There are two types of the partition tokens:

String tokens include bucket_name, account_id, or region. For these partition tokens, you directly enter the specific values in the Partition token values field. You can enter as many values as you need. Data Manger uses these values to construct the paths.
Time tokens include year, month, or day. For time tokens, the actual S3 paths will be automatically generated by Data Manager based on the time range you configure after saving your dataset.
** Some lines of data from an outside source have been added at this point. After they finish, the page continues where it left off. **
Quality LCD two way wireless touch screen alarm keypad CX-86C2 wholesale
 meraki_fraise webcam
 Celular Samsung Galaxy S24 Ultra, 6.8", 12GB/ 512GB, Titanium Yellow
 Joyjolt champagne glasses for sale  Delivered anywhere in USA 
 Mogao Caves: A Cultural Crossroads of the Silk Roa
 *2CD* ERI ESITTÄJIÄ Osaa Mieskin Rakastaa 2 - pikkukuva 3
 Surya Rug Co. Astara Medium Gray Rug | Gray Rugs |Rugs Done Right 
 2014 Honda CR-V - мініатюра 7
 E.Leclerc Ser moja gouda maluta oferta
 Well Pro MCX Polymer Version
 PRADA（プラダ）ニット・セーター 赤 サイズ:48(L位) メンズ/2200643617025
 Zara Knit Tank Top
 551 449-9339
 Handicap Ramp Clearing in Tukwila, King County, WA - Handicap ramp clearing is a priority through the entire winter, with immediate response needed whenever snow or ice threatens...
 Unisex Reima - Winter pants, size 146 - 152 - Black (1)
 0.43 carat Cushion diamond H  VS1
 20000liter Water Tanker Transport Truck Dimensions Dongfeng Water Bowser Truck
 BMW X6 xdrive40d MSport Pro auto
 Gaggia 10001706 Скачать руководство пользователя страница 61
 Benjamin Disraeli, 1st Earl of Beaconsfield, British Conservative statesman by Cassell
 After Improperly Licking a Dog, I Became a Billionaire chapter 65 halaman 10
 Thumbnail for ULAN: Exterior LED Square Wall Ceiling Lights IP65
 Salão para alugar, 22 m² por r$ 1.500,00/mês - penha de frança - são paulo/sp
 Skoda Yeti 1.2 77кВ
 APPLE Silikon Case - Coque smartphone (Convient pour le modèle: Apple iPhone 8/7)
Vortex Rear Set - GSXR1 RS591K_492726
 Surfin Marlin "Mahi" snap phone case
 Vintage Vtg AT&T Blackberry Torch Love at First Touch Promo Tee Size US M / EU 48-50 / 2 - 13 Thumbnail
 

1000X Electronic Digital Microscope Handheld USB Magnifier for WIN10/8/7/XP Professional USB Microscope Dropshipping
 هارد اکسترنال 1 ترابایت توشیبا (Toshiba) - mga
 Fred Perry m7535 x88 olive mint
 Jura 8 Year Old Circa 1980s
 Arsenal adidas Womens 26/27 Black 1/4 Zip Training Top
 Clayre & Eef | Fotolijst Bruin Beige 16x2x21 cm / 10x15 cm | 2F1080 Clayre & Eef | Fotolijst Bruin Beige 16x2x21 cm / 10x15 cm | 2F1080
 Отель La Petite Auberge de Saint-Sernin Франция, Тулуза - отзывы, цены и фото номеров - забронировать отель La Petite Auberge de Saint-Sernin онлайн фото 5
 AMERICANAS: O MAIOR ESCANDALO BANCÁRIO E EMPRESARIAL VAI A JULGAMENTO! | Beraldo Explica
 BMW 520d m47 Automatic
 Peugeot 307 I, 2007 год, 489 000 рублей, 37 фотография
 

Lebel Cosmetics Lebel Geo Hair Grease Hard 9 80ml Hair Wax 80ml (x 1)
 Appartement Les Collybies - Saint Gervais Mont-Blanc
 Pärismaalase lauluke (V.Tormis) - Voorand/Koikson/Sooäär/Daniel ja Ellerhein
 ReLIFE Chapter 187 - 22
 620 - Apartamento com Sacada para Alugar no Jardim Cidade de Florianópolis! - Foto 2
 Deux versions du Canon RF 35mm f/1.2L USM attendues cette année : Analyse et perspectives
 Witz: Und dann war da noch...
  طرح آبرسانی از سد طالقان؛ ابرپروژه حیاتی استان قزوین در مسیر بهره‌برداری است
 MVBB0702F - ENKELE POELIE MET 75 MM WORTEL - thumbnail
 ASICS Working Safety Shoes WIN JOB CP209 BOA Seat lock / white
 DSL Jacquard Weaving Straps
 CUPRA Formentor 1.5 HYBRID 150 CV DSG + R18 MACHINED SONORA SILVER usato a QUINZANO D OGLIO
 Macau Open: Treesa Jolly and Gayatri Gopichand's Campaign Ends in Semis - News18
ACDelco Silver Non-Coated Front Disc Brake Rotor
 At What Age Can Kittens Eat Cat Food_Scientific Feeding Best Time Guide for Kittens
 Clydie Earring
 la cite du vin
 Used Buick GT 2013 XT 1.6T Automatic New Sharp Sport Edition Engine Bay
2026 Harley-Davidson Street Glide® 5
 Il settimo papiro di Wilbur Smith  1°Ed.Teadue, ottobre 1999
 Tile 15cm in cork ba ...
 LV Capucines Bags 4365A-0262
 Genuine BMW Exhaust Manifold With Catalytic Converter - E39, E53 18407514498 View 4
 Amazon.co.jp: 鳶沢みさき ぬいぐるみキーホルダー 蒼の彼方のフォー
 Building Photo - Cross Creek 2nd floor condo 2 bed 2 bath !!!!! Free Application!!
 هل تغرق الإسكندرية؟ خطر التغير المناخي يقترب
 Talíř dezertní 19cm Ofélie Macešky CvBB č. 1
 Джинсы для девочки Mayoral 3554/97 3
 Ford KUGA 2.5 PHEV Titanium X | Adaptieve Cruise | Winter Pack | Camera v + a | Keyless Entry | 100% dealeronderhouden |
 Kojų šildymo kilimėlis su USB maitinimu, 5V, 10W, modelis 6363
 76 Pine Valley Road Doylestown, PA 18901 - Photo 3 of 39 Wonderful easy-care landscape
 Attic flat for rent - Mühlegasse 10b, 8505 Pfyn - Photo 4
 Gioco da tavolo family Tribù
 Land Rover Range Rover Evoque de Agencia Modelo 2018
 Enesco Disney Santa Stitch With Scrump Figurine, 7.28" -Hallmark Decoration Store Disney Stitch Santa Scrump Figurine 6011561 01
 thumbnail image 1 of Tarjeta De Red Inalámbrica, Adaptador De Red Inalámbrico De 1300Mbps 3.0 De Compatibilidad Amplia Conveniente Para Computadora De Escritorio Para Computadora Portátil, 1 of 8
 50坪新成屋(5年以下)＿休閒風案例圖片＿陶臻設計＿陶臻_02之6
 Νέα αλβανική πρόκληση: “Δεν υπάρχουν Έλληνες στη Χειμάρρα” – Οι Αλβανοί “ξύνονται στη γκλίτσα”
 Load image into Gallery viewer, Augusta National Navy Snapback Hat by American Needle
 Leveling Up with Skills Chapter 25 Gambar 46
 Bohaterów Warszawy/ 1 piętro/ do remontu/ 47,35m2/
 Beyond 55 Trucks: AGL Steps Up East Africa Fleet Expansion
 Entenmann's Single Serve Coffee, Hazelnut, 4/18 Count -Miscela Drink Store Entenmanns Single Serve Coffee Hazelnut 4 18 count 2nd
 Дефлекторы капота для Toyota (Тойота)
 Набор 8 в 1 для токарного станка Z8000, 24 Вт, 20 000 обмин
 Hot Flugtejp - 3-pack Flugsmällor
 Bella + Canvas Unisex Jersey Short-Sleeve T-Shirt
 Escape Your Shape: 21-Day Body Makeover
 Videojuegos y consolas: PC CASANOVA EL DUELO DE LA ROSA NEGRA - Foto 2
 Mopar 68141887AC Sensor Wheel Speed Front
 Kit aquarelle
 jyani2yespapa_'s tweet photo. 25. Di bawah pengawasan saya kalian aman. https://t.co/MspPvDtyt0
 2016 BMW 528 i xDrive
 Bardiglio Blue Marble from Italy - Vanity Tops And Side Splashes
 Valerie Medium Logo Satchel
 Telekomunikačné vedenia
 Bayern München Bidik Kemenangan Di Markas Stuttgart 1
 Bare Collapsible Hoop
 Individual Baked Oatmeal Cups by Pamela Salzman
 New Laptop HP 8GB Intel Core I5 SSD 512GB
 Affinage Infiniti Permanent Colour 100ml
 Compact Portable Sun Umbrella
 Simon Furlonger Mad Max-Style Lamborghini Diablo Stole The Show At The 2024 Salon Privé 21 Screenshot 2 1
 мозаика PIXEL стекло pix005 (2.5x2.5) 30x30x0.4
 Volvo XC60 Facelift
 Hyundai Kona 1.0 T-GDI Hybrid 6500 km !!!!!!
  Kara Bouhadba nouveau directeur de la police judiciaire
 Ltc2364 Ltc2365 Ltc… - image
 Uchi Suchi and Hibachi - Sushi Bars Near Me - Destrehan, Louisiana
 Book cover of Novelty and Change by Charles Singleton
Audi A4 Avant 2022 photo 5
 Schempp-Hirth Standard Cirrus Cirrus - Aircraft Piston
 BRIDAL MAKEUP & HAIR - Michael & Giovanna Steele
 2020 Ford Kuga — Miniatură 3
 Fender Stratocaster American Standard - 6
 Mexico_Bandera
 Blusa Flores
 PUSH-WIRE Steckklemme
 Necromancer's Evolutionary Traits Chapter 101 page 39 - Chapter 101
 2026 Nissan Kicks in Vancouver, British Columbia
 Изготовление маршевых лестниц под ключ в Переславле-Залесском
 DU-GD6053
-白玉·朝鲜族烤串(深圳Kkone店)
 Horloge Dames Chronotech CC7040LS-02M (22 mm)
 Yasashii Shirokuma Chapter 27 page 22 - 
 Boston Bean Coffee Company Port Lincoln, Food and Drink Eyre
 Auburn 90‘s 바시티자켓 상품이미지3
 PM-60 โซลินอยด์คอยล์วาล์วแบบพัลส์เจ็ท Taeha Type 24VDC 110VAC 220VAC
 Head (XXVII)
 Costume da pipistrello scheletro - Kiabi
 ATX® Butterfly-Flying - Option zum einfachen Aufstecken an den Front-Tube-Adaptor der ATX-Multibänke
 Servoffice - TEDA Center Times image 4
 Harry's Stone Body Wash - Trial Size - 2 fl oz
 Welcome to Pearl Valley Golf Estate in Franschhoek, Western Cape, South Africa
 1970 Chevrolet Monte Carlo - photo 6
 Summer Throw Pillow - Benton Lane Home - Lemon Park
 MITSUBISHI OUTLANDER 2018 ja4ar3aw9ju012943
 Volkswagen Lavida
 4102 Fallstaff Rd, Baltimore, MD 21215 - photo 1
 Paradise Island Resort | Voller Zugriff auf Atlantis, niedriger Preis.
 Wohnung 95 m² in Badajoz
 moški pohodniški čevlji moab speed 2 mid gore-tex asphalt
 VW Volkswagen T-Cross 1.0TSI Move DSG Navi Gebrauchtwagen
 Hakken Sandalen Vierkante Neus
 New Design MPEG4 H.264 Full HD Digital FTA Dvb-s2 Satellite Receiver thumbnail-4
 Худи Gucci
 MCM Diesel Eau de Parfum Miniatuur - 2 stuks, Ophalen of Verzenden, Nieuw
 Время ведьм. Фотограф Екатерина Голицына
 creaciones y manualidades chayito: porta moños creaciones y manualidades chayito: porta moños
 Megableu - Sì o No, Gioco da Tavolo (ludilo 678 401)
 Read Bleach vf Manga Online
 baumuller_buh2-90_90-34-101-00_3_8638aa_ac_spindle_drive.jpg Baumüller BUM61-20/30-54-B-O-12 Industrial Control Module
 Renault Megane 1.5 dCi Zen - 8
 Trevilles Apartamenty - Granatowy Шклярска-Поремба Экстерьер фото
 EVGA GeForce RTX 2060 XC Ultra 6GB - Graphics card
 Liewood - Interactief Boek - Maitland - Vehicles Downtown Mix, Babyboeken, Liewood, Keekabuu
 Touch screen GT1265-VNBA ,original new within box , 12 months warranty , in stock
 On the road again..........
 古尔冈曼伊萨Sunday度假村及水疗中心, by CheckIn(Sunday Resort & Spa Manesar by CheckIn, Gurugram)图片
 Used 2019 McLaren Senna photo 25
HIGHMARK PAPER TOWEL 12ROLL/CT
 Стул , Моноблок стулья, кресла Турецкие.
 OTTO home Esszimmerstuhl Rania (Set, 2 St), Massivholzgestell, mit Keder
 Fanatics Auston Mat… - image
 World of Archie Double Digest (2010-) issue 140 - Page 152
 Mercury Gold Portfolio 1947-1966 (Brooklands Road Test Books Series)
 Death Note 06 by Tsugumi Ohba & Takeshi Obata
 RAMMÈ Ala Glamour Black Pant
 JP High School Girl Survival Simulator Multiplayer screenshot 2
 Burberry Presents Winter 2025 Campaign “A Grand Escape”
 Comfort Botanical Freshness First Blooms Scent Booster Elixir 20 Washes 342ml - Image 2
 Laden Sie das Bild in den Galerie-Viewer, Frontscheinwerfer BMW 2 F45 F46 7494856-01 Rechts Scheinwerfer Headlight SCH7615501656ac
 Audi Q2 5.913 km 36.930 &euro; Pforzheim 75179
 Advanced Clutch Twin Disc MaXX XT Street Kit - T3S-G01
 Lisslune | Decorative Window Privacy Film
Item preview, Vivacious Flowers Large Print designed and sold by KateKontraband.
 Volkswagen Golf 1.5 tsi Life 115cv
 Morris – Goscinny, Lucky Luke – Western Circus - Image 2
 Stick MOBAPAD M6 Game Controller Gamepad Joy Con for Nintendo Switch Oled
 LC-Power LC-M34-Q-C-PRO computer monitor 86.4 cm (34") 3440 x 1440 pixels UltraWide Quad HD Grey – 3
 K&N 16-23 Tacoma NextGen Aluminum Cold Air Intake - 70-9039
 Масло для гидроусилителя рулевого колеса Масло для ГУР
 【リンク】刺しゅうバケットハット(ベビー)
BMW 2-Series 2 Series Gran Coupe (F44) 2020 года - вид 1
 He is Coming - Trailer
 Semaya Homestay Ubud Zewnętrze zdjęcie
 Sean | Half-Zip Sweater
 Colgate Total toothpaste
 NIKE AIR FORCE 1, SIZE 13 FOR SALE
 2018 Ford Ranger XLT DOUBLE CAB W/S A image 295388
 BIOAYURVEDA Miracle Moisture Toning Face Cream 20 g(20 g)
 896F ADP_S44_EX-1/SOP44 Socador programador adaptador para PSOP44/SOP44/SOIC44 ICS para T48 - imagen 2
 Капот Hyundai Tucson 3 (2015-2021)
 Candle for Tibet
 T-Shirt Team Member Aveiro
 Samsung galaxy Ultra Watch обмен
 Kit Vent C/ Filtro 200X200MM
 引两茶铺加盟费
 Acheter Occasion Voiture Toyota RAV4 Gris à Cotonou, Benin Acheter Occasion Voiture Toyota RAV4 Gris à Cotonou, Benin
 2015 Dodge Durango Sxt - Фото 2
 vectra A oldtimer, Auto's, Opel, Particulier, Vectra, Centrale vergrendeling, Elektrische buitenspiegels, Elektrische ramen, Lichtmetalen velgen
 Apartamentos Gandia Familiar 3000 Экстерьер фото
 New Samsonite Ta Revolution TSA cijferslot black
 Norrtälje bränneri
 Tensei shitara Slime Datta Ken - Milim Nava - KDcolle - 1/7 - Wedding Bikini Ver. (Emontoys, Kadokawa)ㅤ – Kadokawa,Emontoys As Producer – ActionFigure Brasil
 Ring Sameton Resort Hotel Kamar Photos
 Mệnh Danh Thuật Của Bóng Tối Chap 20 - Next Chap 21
After defining the template in S3 path format, you can specify the type and values for each defined partition token. The following are examples of partition tokes and their values:


Partition token name	Partition token type	Values
bucket_name	string	Enter the name of your AWS S3 bucket. You can enter as many coma separated values as you need.
account_id	string	Enter AWD account ID. You can enter as many coma separated values as you need.
region	string	Enter the supported regions for data ingestion from AWS. For the list of supported regions for data ingestion from AWS, see Supported regions for data ingestion
year	time: %Y	After confirming the path format, in the Select time range section, you have to define the start time and end time. Splunk will only apply time range to the token you use.
month	time: %m	After confirming the path format, in the Select time range section, you have to define the start time and end time. Splunk will only apply time range to the token you use.
day	time: %d	After confirming the path format, in the Select time range section, you have to define the start time and end time. Splunk will only apply time range to the token you use.

If you choose to enter a custom path format, you can use partition tokens to define the format of each token. By default, each token is set to the string format. To change the format, use the drop-down lists to select the desired option.